Neste sentido os precedentes trazidos pelo registrador e que bem se enquadram ao caso em tela: Apelações Cíveis números 745-6/1; 1.204-6/0; 943-6/5 e 0017110.60.2008.8.26.0348 (fls.4/13).
Na Apelação Cível n.º 0001243-53.2013.8.26.0315, por mim relatada, e que também teve como apelante a empresa Gás Natural São Paulo Sul, do mesmo modo, foi decidido acerca da necessidade da prévia retificação da área serviente, para possibilitar o registro do título apresentado. A ementa assim dispõe:
“REGISTRO DE IMÓVEIS – FALTA DE REPRESENTAÇÃO – ADVOGADO NÃO CONSTITUÍDO PELA APELANTE NOS AUTOS – PREJUDICIALIDADE – EXAME EM TESE DA PERTINÊNCIA DA RECUSA – ESCRITURA DE INSTITUIÇÃO DE SERVIDÃO DE PASSAGEM – DESCRIÇÃO PRECÁRIA DO IMÓVEL SERVIENTE – NECESSIDADE DE PRÉVIA RETIFICAÇÃO A FIM DE PERMITIR A CORRETA LOCALIZAÇÃO DA SERVIDÃO DO IMÓVEL SERVIENTE – PRECEDENTES DO CONSELHO SUPERIOR DA MAGISTRATURA – RECURSO NÃO CONHECIDO.”

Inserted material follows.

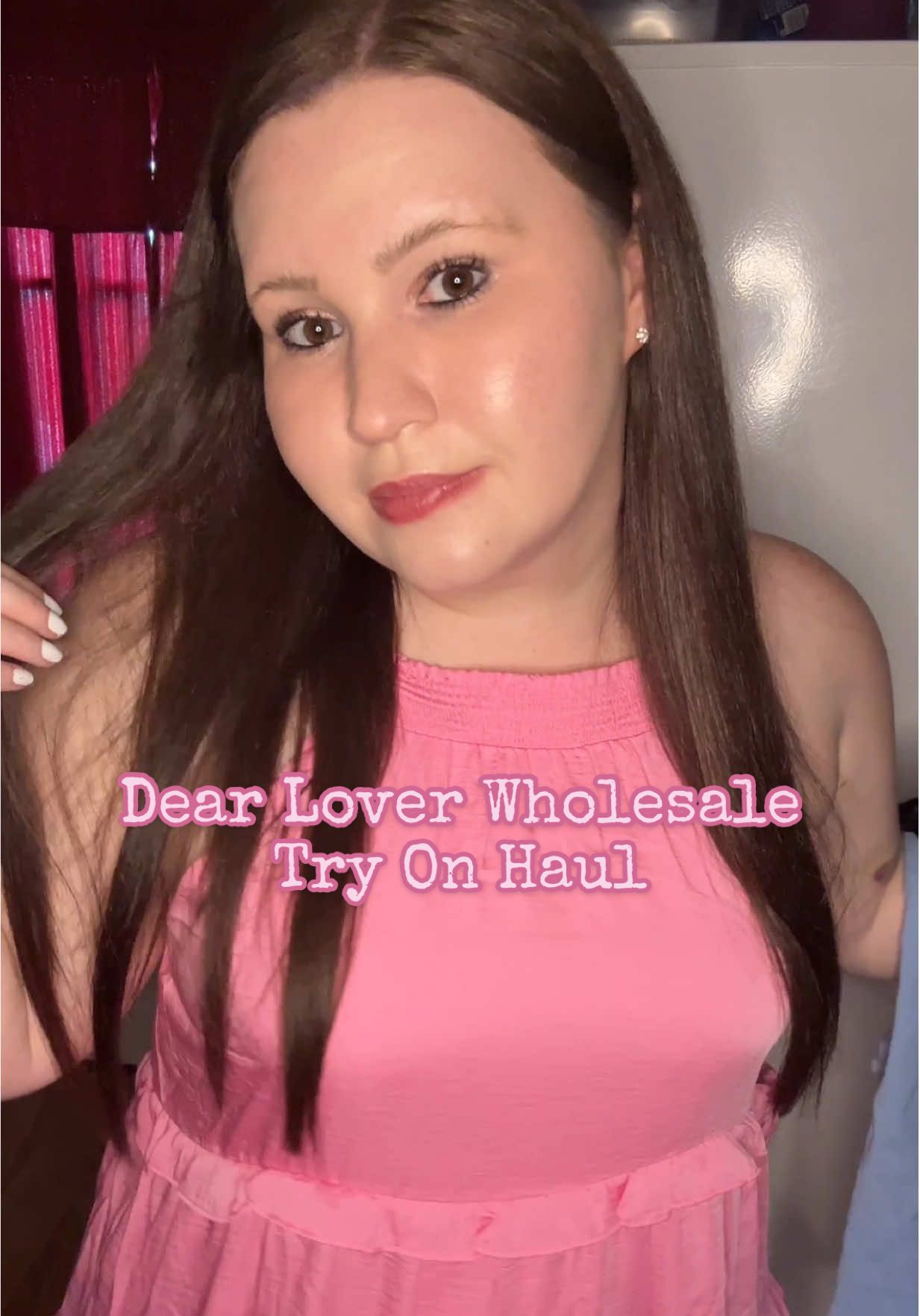 Dear Lover Wholesale try on haul 💖✨ @Dear-Lover #dearloverwholesale #dearlover #tryonhaul #clothinghaul #haul #clotheshaul #hauls #tryonhauls 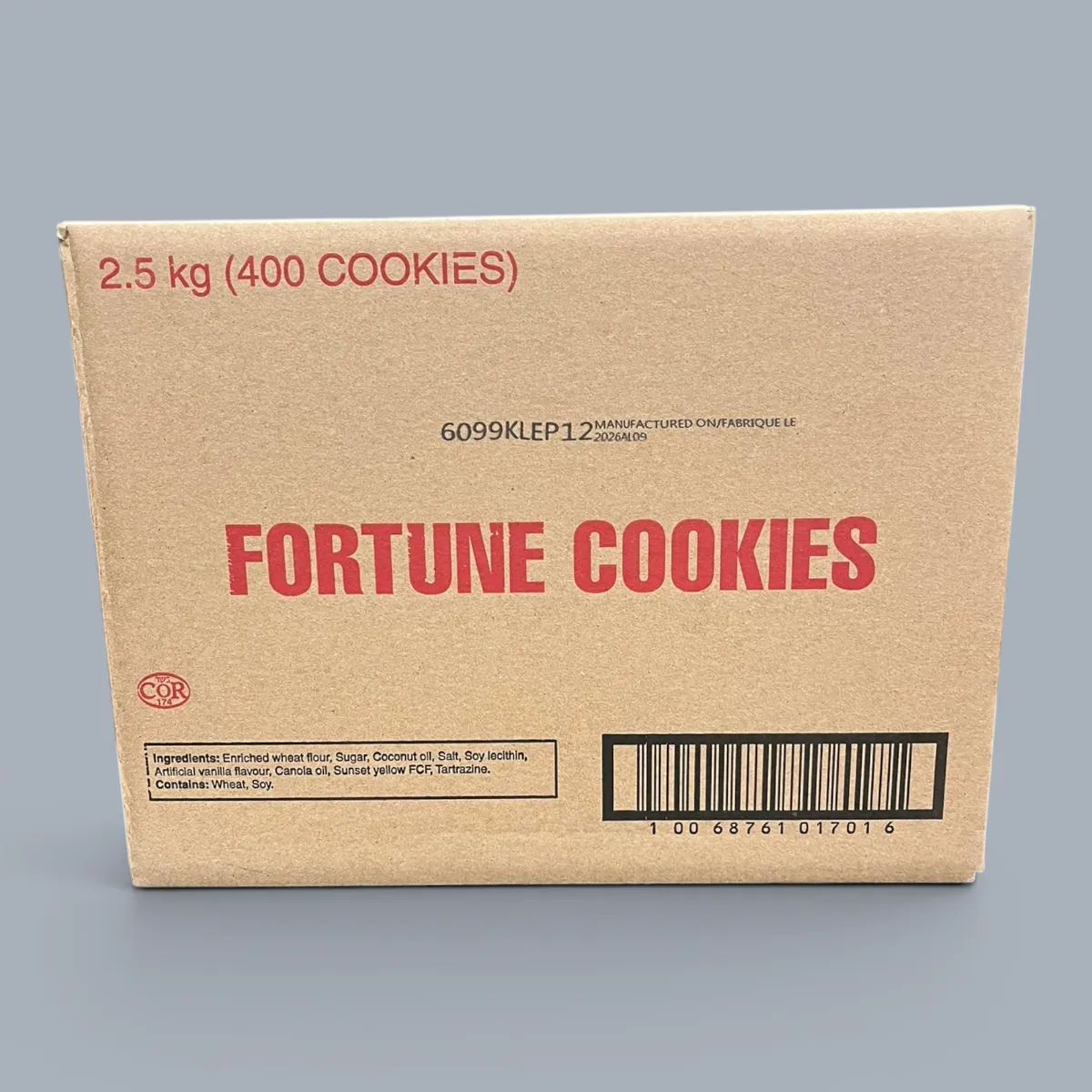 Fortune Cookie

Em suma, é a matrícula que define, em toda a sua extensão, modalidades e limitações, a situação jurídica do imóvel, razão pela qual sua abertura, mesmo para fins de registro de instituição de servidão administrativa, deve ser feita em observância ao mencionado artigo 228 da Lei de Registros Públicos (o artigo 196 tem a mesma redação) desde que os elementos constantes do título e do registro anterior sejam suficientes e preenchidos os requisitos registrários, no caso, o da especialidade objetiva, o que não se verifica no caso vertente.
O argumento de que é ônus do proprietário do imóvel promover sua retificação não serve de justificativa para afastar a exigência prevista em lei. Além do mais, embora o titular do domínio tenha como regra legitimidade para pedir a retificação da área, nada obsta que tal pretensão seja apresentada por quem demonstre interesse, como é o caso da apelante, que necessita da retificação para possibilitar o registro do título apresentado, pois, não seria razoável que ficasse à mercê da inércia de terceira pessoa quanto a tal providência.
É neste sentido que deve ser interpretada a expressão “interessado” trazida no artigo 213, inciso I, da Lei de Registros Público, e que confere à recorrente legitimidade para requerer a retificação.
Por fim, a qualificação da titular do direito real, Ordem Carmelitana Descalça No Brasil, na procuração outorgada ao seu advogado na ação da qual foi extraída a carta de sentença, é suficiente à sua identificação e, portanto, não configura óbice ao registro.
Isto posto, nego provimento ao recurso.